Der Bund der Steuerzahler warnt: Ohne grundlegende Änderungen bei der Kommunalfinanzierung drohe vielen Kommunen schon bald die finanzielle Überforderung. Es brauche gesamtstaatliche Debatten darüber, welche Aufgaben und Leistungen die Kommunen künftig überhaupt noch erbringen und finanzieren können. An den bereits auf die Kommunen übertragenen Pflichtaufgaben müssten sich das Land Niedersachsen und der Bund zwingend stärker beteiligen. Keinesfalls dürften den Städten, Gemeinden und Landkreisen neue Aufgaben aufgebürdet werden.
"Gebietsreformen dürfen nicht länger tabu sein!"

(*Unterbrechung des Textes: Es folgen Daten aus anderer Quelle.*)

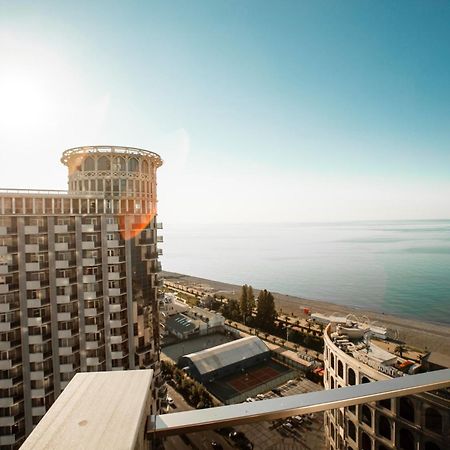 Aparthotel Holiday Lux Batumi Esterno foto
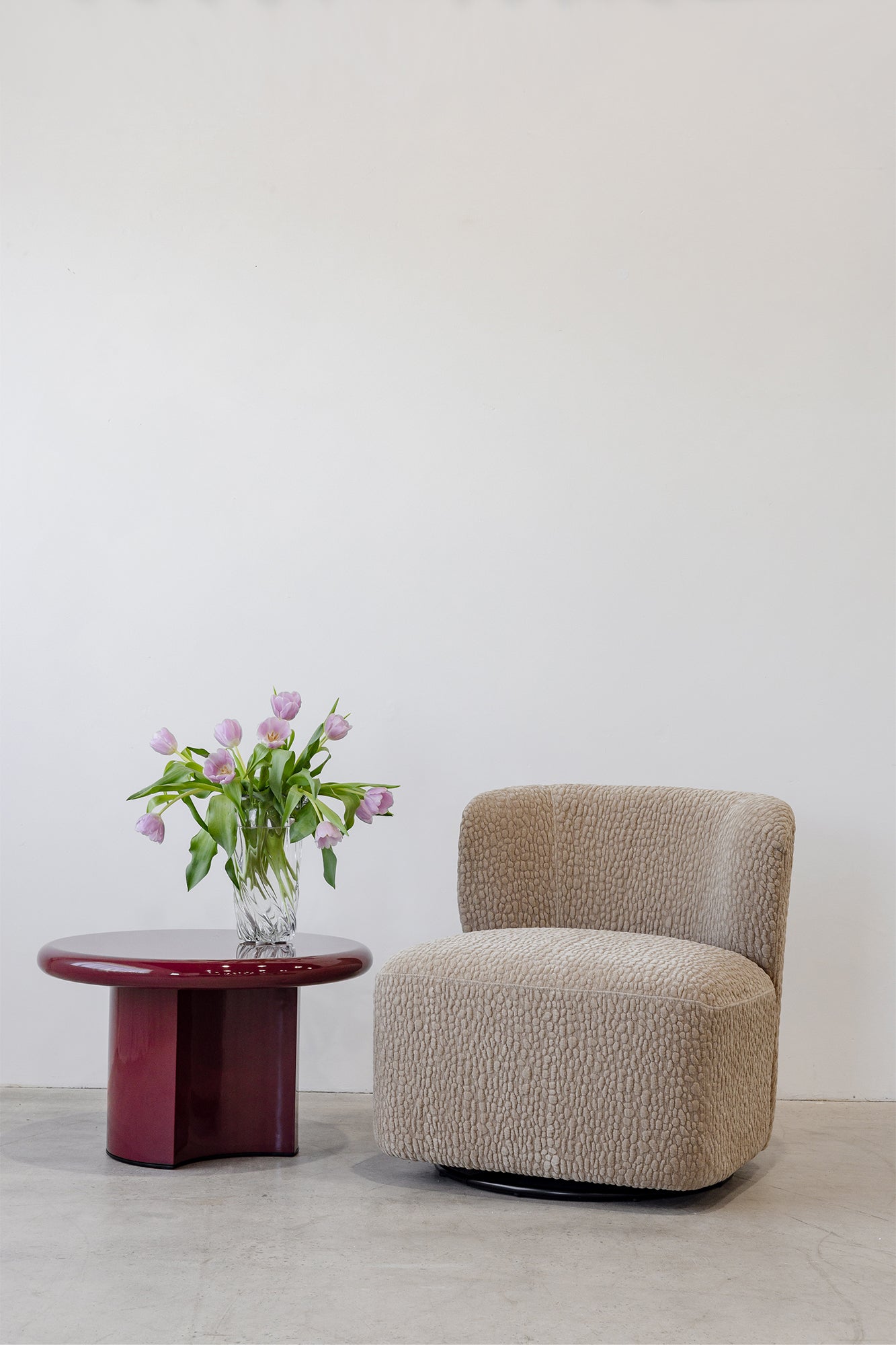 Knox Swivel Chair - Caramel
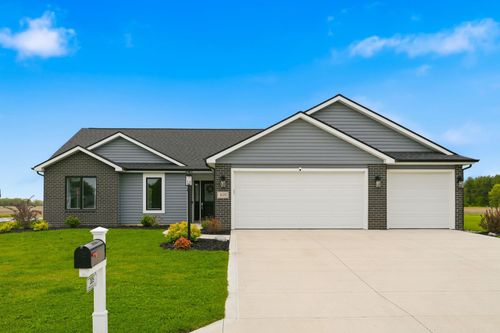 305 Cottonwood Ct, Markle, IN, 46770-0420 | Card Image
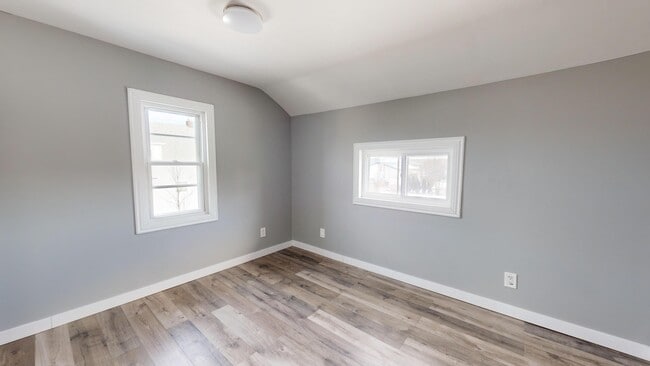 Building Photo - Spacious 3 Bed / 1 Bath Home in Sault Ste....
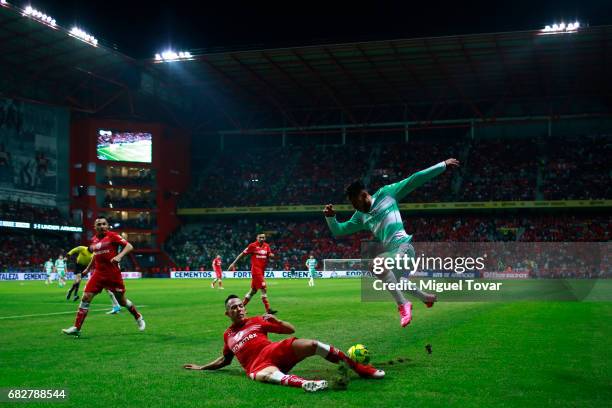 Rodrigo Salinas of Toluca fights for the ball with Walter Sandoval of Santos during the quarter finals second leg match between Toluca and Santos...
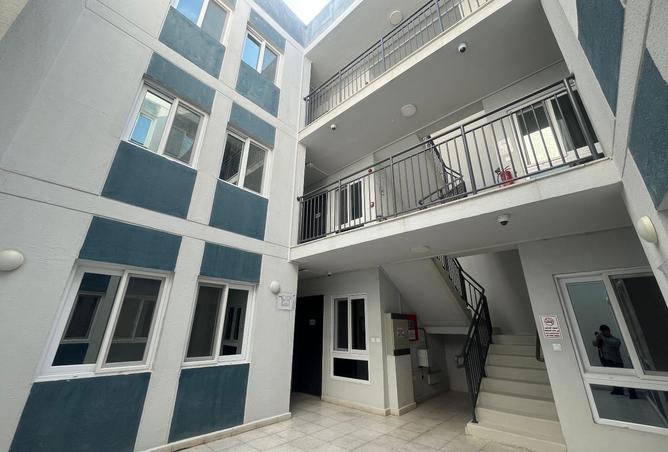 863876 - Property Image 2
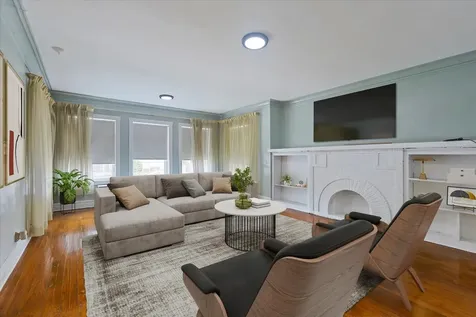 6219 North Claremont Avenue Chicago IL 60659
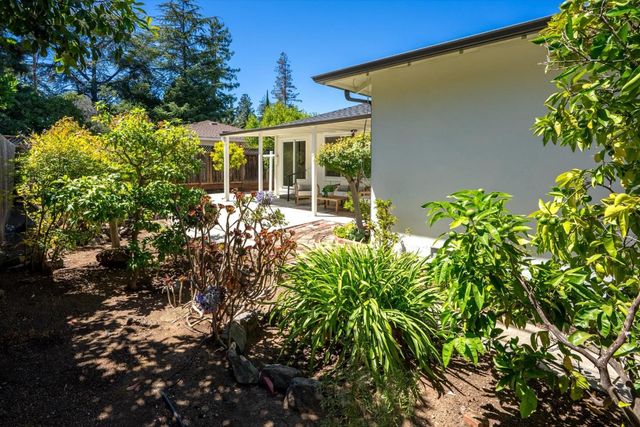 1583 Gilmore Street, Mountain View, CA 94040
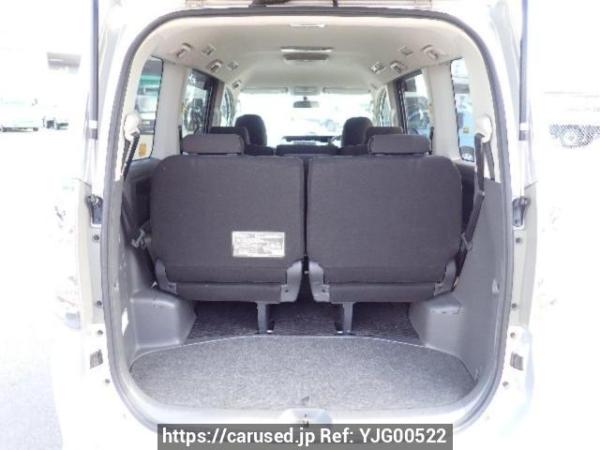 Used 2007 AT toyota voxy ZRR70W Image[6]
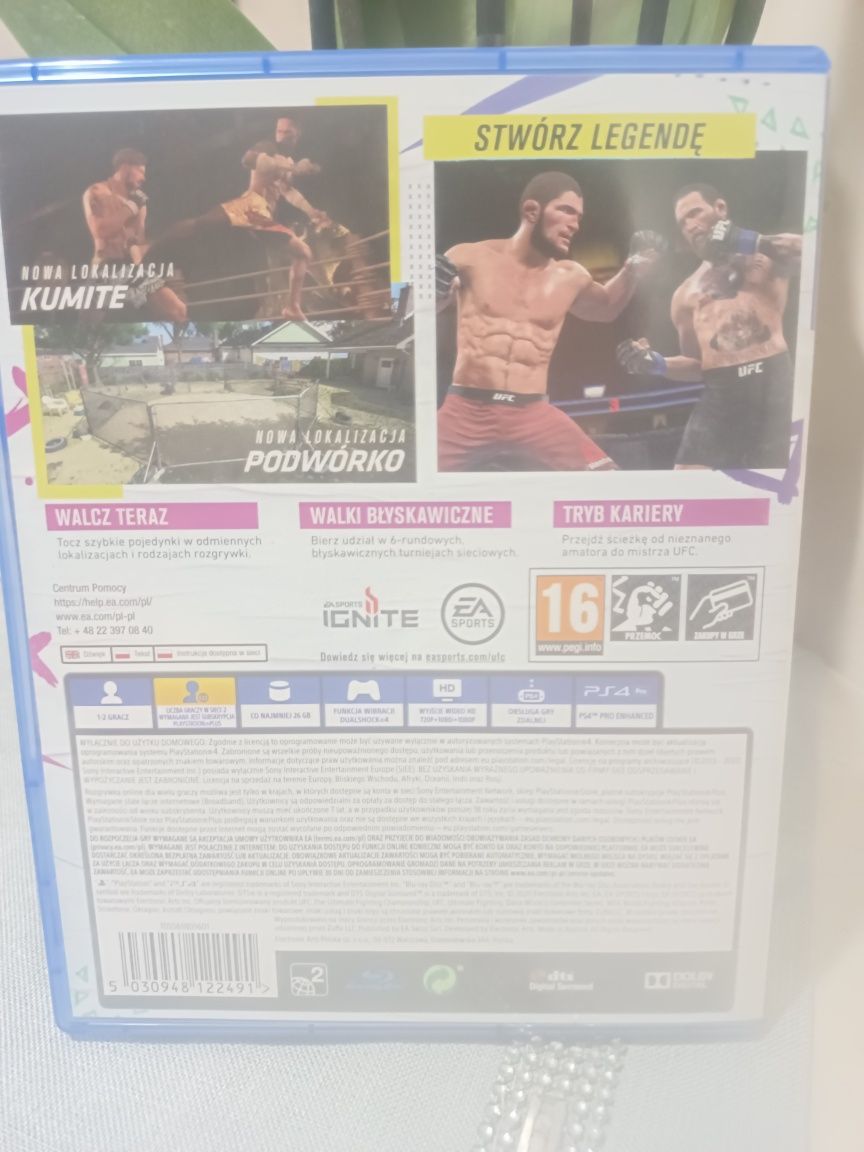 Sprzedam UFC 4 na ps 4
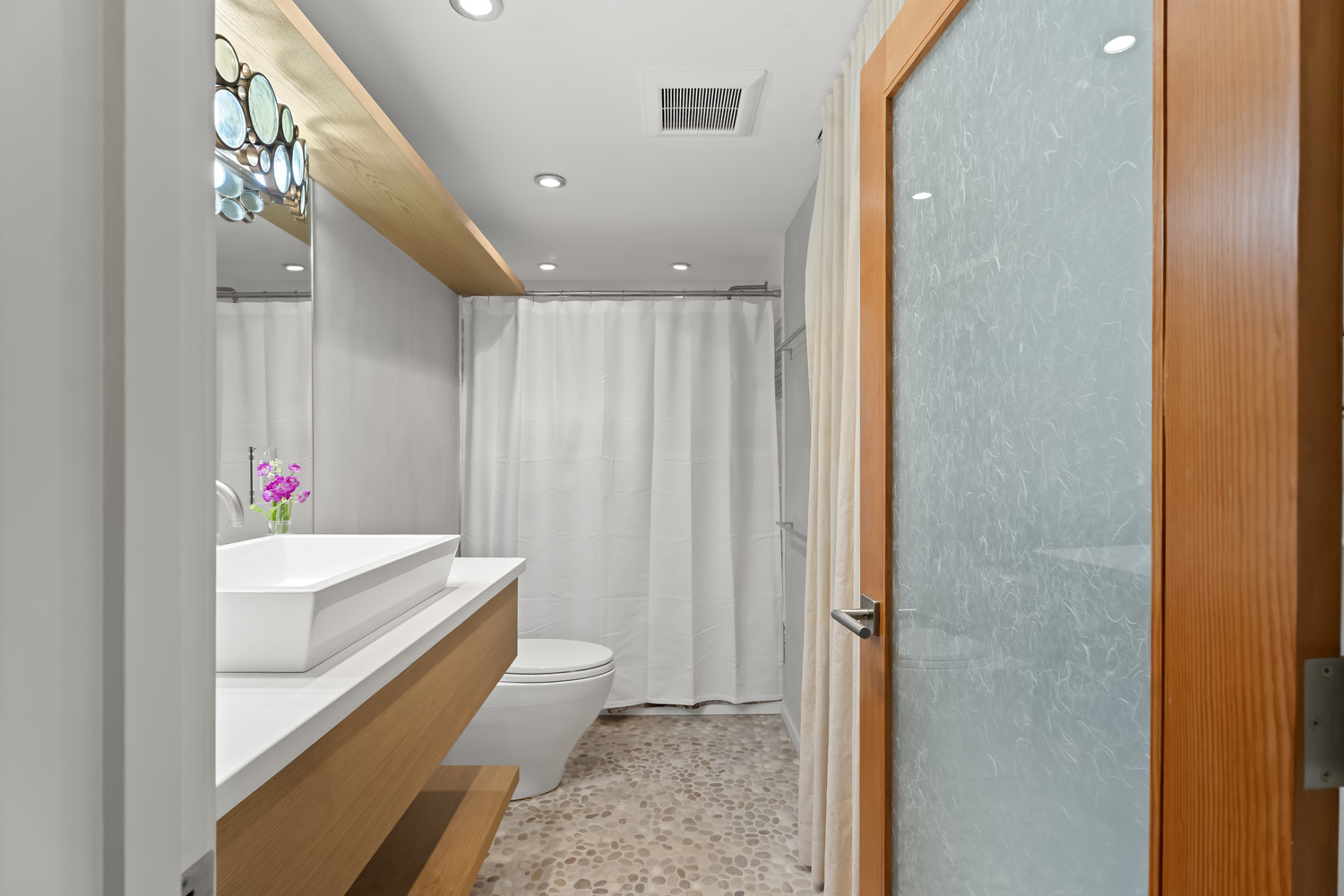 308 S Road Chilmark, MA 02535 - Photo 38 of 41 Bathroom #5
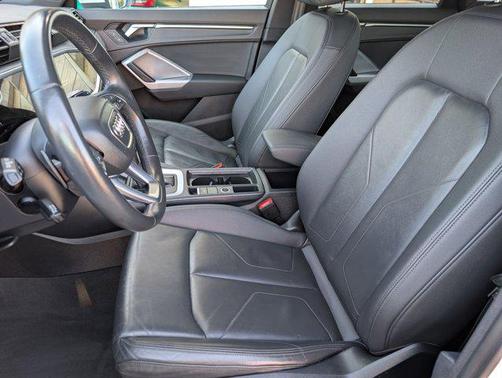 2023 Audi Q3 Premium 45 TFSI S line quattro Tiptronic
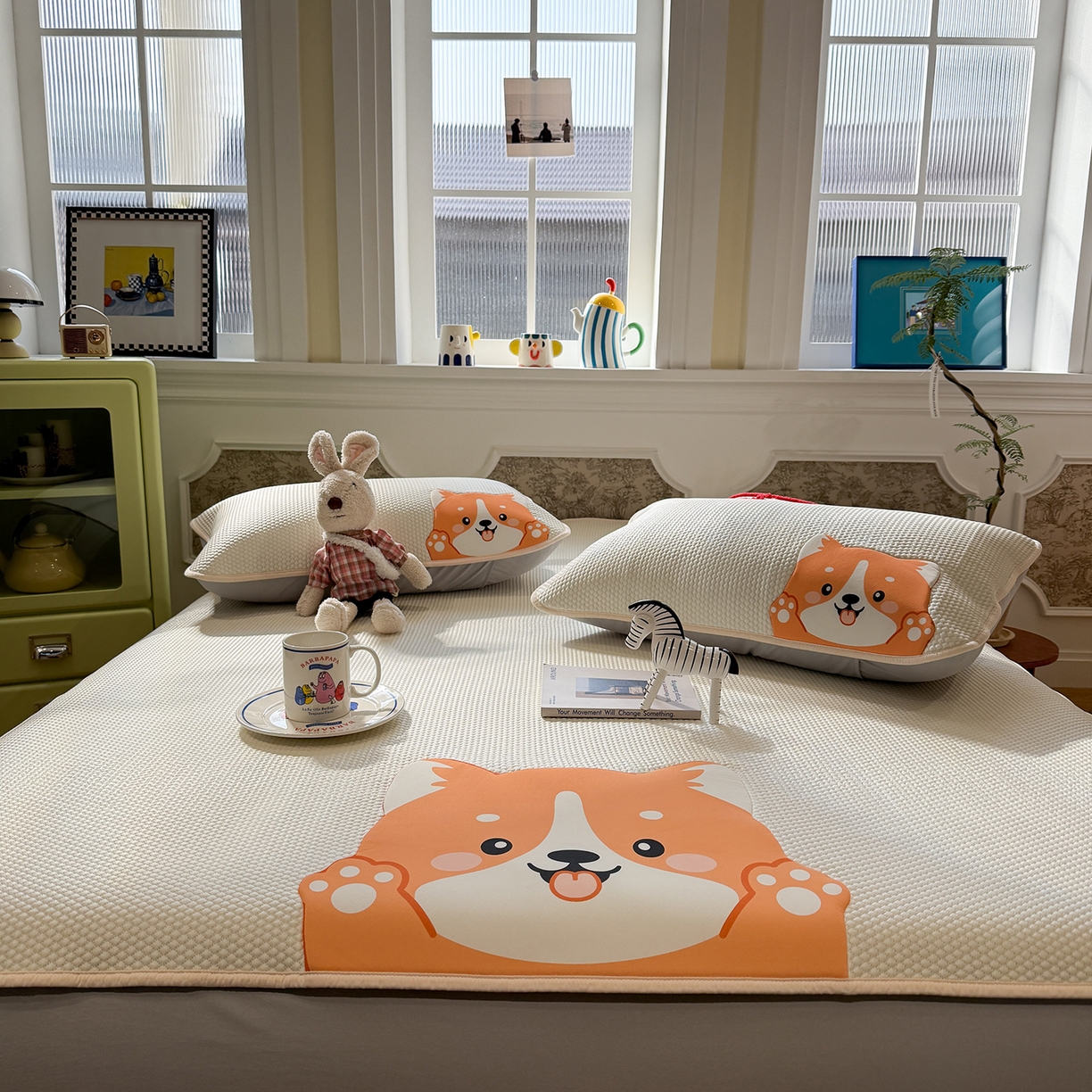 91家纺网 家纺一手货源 找家纺 Sweet dreams甜梦 2026新款A类锦氨异性贴布高端豆豆凉席-场景1 调皮狗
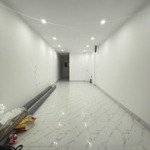 nhà mới trung tựu, dt30m2, 5t, mt 4,6m, giá chào hơn 5 tỷ, có thương lượng, đủ công năng, ngõ 2,3m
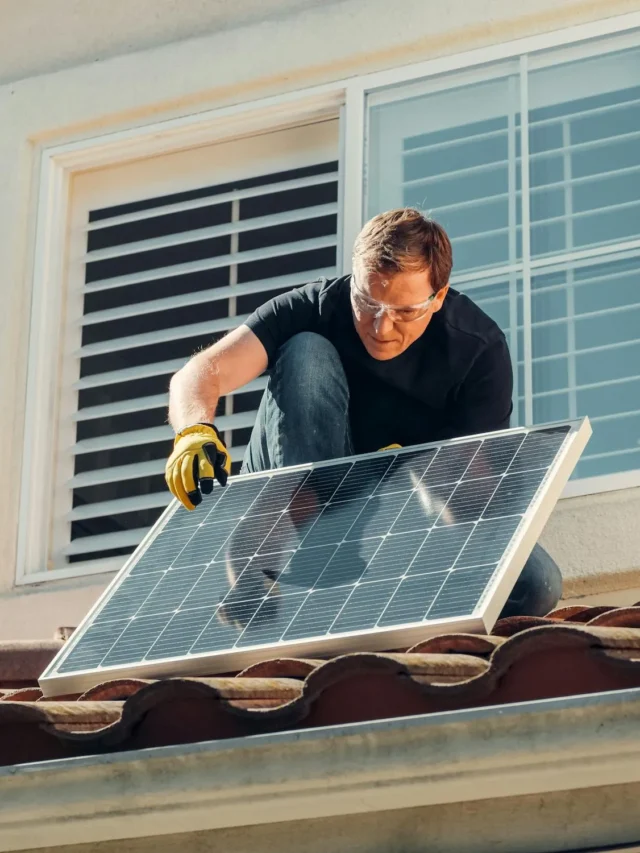 Paneles solares instalados en el techo de un hogar sostenible con energía renovable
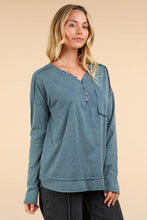 Load image into Gallery viewer, Cindy Marie Mineral Washed Top - Very J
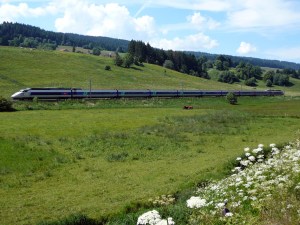TGV_Paris-Berne_près_de_la_frontière_Franco-Suisse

Der Bund der Steuerzahler sieht jedoch auch die Kommunen in der Pflicht. „Von den rund 940 Städten und Gemeinden in Niedersachsen weisen 400 Kommunen weniger als 2.000 Einwohner und 200 Kommunen sogar weniger als 1.000 Einwohner auf. Diese Kleinheit der Verwaltungseinheiten können wir uns nicht länger erlauben“, mahnt Vermöhlen und verweist auf das bevölkerungsreichste Nachbarland NRW, wo es gerade mal 396 Städte und Gemeinden gebe. Er fordert, dass Gebietsreformen in Niedersachsen forciert werden müssten, auch durch finanzielle Anreize des Landes.
Für Gebietsreformen sprächen laut Vermöhlen nicht nur finanzielle, sondern auch personelle Gründe. „Schon heute ist der Alltag in vielen Rat- und Kreishäusern von Fachkräftemangel und Personalengpässen geprägt. Allen Verantwortlichen muss unmissverständlich klar sein, dass sich diese Probleme in den nächsten Jahren aufgrund des rasant fortschreitenden demografischen Wandels noch deutlich verschärfen werden.“ Gemeindefusionen wären ein geeignetes Mittel, um den Personalbedarf auf kommunaler Ebene dauerhaft zu senken.
Fusion von Gemeinden
Ein nachahmenswertes Beispiel fände sich im Landkreis Stade, wo die aus fünf Mitgliedsgemeinden bestehende Samtgemeinde Nordkehdingen zum 1. November 2026 zu einer Einheitsgemeinde mit zirka 7.000 Einwohnern verschmelzen werde. Auch in der Samtgemeinde Lühe (sechs Mitgliedsgemeinden, ebenfalls LK Stade) werde bereits intensiv über eine Fusion zur Einheitsgemeinde nachgedacht.